Solutions for Sharing Digital Blueprints
The solution to the accessibility problem requires both cultural and technical changes. On the technical side, researchers have proposed an analysis results data model (ARDM) that reframes "the target of analyses from static representations of the results (e.g., tables and figures) to a data model with applications in various contexts, including knowledge discovery." 3
This approach aligns with the FAIR principles—making data Findable, Accessible, Interoperable, and Reusable—that have become the gold standard for scientific data management.
Findable
Accessible
Interoperable
Reusable
Implementing these solutions requires both infrastructure and education. The ARDM framework, for instance, can be implemented using various programming languages and databases, making it adaptable to different research contexts. The proof of concept for this approach utilized "the R programming language and a relational SQLite database" 3 , common tools in computational biology.
R, Python, and other common computational tools
SQLite, PostgreSQL, and other database systems
Comprehensive metadata and process documentation
The movement to make computational models of biological macromolecules available and discoverable represents more than just a technical improvement to how scientists share their work—it's a fundamental shift toward more collaborative, efficient, and cumulative science.
Just as the invention of the printing press democratized access to knowledge, systematic sharing of computational models democratizes access to scientific discovery itself.

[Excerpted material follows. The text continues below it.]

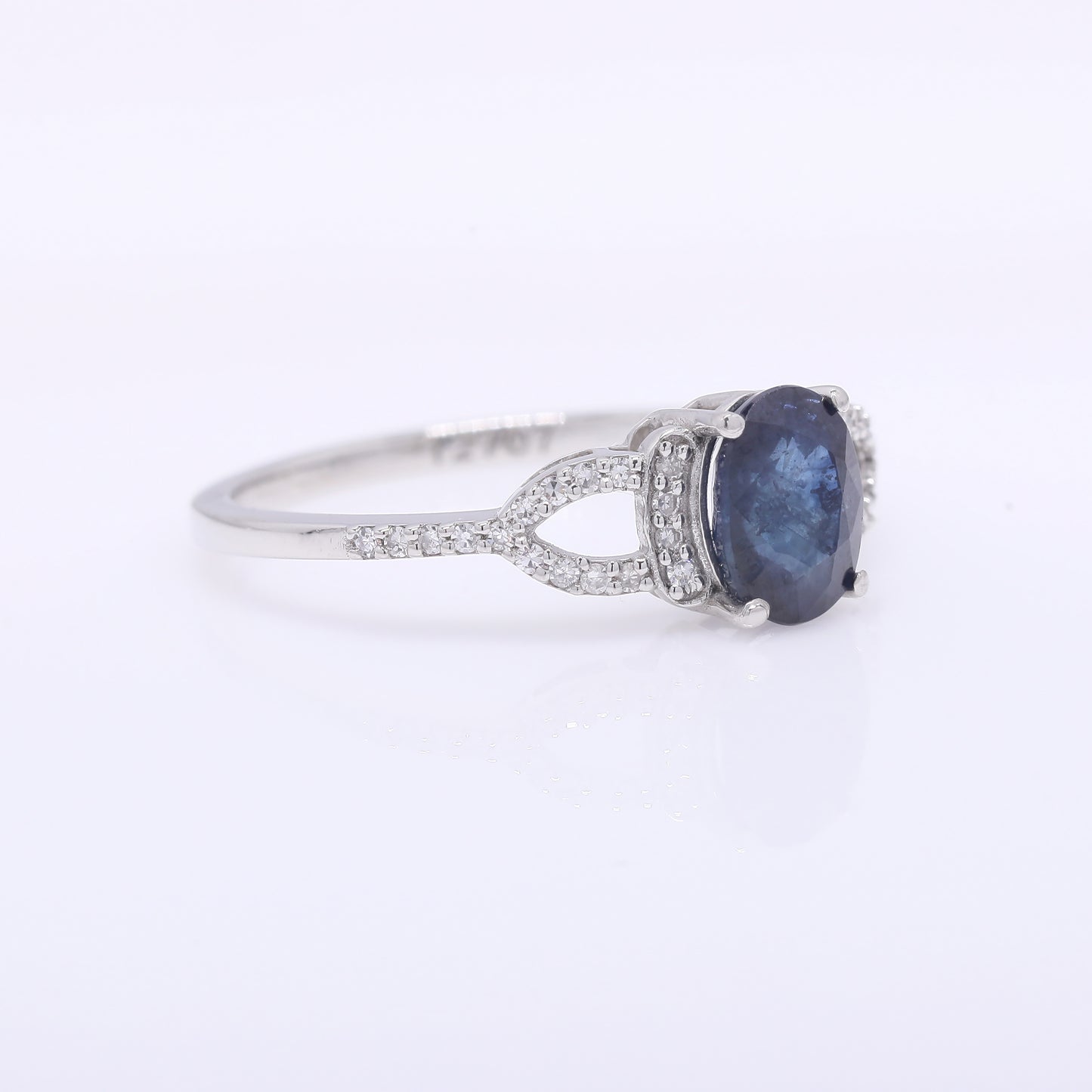 1.40 Ct Oval Mixed Cut Natural Sapphire 950 Platinum Ring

The benefits extend beyond academic science to patients waiting for new therapies, communities addressing environmental challenges, and societies seeking to understand the fundamental processes of life. As the OMol25 team demonstrates, when researchers come together to share resources, they create something far more valuable than any single lab could produce alone.
"I think it's going to revolutionize how people do atomistic simulations for chemistry." 5
This revolution isn't just about doing faster simulations—it's about building a comprehensive digital library of life where every discovery becomes a foundation for future breakthroughs, rather than a hidden treasure waiting to be rediscovered.